Bank stress testing is credited with restoring stability during the financial crisis and is featured prominently as a critical forward-looking risk management tool. In congressional testimony Jamie Dimon recently championed the need for rigorous stress testing and independent review. Dodd-Frank requires all banks over $10 billion to perform annual company run stress tests and the largest banks get an additional annual FED conducted supervisory stress test. Results from both tests will be disclosed publicly adding a market discipline aspect to stress testing.

This intense focus on stress testing is cascading down to community banks. Recent regulatory clarification confirms community banks are not required to perform enterprise wide stress testing, but indicates that all banks should have the capacity to analyze adverse outcomes on financial condition consistent with existing guidance on commercial real estate concentrations, funding, liquidity, and interest rate risk. The bottom line is stress testing is here to stay and if performed correctly can sharpen your bank’s competitive advantage instead of just another check the box exercise.

Stress tests at the enterprise-wide, loan portfolio, or individual loan level all answer this key question, “How much stress can be absorbed before the bank is negatively impacted?”The enterprise-wide test quantifies the impact on earnings, the ALLL, and capital providing management and the board with a tangible downside limit for the bank. The associated competitive advantage stems from having better informed management and board level risk decisions, improved capital and strategic planning, objective capital at risk estimates for concentration limits, and enhanced regulatory and customer credibility.

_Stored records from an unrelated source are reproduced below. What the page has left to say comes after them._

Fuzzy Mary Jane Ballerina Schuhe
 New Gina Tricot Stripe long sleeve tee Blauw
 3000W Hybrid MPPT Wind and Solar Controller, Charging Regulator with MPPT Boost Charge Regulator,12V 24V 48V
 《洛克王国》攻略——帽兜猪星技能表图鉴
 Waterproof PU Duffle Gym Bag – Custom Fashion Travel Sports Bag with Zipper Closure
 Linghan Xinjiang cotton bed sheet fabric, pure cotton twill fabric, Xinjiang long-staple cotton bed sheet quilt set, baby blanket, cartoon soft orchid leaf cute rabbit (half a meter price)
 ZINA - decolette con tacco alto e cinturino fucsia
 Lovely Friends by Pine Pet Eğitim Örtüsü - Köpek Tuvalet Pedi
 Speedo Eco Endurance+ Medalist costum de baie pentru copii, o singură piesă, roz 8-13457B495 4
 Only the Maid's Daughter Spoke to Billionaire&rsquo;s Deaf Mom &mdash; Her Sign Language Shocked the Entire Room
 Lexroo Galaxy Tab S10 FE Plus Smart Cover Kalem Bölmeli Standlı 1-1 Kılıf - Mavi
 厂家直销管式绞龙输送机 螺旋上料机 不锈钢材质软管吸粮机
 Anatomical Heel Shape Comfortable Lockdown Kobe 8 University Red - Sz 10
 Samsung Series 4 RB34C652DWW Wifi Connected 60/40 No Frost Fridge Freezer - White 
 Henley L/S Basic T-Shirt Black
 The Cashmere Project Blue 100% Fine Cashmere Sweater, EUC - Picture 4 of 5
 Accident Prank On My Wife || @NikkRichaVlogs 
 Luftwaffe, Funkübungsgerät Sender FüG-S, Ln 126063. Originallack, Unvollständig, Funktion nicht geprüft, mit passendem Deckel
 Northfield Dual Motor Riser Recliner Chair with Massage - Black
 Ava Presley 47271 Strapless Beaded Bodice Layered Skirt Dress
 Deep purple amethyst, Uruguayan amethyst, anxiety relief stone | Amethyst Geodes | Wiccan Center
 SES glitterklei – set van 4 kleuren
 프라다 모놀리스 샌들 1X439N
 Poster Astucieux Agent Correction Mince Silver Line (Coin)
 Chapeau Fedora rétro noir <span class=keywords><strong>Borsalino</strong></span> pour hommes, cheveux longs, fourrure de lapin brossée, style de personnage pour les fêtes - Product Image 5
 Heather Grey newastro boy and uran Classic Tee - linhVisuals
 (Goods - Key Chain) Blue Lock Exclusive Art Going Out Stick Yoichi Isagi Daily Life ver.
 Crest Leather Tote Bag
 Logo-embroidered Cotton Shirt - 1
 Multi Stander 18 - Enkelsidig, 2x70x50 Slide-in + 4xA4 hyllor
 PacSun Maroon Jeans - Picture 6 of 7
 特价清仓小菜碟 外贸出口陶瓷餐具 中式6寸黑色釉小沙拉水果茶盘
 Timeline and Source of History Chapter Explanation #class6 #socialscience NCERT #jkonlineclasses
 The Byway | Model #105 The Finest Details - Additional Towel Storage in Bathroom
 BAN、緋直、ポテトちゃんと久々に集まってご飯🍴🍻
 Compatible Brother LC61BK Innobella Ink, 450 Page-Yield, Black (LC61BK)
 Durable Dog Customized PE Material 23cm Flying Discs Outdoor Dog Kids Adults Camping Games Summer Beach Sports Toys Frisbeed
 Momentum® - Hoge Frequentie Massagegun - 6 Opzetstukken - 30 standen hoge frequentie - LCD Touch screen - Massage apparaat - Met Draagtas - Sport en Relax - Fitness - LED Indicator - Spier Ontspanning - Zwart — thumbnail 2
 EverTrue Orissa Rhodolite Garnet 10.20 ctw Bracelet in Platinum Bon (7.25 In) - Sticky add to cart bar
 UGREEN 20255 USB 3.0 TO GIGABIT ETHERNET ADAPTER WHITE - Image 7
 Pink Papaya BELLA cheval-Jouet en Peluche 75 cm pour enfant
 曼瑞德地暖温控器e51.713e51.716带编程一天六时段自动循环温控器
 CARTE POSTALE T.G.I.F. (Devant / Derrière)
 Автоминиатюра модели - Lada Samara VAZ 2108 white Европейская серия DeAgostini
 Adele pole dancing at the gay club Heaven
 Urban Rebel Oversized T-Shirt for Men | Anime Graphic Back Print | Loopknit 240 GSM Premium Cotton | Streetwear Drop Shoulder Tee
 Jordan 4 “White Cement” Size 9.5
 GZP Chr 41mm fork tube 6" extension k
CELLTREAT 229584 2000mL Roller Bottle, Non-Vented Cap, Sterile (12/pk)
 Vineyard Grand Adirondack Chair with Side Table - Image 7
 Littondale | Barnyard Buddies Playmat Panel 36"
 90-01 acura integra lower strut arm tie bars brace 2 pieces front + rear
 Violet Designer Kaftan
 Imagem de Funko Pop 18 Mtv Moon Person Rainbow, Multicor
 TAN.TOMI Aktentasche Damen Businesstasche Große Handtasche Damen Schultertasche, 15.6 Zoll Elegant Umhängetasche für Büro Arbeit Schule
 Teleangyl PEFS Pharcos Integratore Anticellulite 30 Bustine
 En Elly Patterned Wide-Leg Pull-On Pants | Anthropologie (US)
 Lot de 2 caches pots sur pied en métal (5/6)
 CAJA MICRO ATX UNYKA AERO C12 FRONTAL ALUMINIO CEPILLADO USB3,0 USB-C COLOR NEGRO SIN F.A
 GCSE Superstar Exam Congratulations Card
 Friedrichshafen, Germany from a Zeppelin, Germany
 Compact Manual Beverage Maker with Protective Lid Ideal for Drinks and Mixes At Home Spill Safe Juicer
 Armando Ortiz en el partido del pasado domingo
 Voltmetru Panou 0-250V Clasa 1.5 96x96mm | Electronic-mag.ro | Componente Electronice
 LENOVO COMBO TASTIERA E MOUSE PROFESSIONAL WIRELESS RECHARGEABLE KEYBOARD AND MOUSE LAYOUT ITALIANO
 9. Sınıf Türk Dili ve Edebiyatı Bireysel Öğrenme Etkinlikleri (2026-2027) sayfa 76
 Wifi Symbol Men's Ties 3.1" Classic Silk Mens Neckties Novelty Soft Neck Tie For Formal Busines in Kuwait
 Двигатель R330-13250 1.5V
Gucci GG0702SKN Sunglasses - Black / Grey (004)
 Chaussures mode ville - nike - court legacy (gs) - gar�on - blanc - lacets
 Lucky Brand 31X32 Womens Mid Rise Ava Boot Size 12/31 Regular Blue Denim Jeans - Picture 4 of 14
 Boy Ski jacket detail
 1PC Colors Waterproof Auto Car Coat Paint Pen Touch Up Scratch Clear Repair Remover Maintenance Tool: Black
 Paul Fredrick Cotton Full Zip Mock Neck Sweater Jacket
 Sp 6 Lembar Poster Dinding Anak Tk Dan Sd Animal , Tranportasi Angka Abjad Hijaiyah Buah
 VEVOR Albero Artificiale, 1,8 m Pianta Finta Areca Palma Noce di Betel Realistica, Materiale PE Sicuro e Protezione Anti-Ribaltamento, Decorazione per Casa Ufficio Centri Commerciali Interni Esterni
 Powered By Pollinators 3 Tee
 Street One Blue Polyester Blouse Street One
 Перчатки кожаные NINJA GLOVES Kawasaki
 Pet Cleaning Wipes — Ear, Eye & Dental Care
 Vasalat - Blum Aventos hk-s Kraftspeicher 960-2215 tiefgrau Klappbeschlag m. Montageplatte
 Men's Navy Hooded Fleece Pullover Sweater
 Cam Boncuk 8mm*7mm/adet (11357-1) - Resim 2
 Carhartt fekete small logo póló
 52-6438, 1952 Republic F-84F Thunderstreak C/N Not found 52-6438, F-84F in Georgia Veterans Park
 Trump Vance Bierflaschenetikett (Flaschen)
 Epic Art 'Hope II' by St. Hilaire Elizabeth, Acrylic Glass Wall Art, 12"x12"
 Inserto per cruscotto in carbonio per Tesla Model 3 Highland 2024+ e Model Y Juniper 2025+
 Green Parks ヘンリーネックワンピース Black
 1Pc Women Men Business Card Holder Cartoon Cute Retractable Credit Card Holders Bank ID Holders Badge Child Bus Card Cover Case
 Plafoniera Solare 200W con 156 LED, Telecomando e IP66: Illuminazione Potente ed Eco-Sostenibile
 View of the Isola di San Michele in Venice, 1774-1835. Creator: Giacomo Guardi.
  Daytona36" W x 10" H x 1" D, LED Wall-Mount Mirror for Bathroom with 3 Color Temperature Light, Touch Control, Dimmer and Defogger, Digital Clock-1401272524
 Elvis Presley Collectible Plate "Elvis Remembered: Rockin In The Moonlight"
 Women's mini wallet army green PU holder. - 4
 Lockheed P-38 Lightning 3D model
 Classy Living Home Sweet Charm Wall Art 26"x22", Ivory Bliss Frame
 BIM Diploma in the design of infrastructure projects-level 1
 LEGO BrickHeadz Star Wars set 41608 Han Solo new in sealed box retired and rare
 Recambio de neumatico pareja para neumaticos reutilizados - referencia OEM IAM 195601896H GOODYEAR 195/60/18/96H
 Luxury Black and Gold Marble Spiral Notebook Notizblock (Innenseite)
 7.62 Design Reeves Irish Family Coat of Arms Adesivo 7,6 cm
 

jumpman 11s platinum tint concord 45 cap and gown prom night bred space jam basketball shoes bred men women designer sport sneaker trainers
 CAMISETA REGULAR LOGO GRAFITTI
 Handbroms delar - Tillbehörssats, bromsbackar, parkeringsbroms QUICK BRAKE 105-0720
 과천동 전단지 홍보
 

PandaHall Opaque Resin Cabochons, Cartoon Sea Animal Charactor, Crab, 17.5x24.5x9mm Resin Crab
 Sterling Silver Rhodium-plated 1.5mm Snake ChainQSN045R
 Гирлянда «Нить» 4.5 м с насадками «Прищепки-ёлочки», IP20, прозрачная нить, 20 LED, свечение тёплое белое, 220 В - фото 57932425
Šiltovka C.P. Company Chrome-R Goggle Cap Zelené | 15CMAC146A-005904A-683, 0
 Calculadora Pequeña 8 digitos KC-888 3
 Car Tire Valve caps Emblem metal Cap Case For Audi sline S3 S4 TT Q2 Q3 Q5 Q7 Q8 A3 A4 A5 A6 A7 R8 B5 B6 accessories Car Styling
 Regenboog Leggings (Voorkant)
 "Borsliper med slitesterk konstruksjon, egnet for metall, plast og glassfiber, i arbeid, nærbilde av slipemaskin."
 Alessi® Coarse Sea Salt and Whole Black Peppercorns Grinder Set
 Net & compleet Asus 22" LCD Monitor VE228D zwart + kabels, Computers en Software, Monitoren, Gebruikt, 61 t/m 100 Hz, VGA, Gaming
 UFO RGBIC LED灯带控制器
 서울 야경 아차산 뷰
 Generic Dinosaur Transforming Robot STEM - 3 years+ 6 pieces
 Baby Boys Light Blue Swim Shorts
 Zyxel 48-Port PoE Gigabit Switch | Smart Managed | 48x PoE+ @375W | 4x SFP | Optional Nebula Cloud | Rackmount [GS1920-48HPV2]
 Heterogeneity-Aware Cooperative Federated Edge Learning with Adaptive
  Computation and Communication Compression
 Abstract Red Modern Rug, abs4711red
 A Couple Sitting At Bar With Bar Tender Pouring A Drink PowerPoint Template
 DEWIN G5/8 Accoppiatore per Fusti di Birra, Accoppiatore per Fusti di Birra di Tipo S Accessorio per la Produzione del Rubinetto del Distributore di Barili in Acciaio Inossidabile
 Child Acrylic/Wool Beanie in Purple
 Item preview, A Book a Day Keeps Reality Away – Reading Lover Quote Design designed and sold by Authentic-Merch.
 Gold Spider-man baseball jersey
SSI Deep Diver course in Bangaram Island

At its core, a good stress test is uniquely grounded in a bank’s risk profile and measures the cash flow/value of assets, liabilities, and contingent commitments under different scenarios.

This objective drill down on cash flow/value stress can also be applied to loan risk ratings, loan review, and loan monitoringThe effectiveness of these risk management tools when linked to stress testing can be significantly increased at a reduced cost further enhancing a bank’s competitive advantage.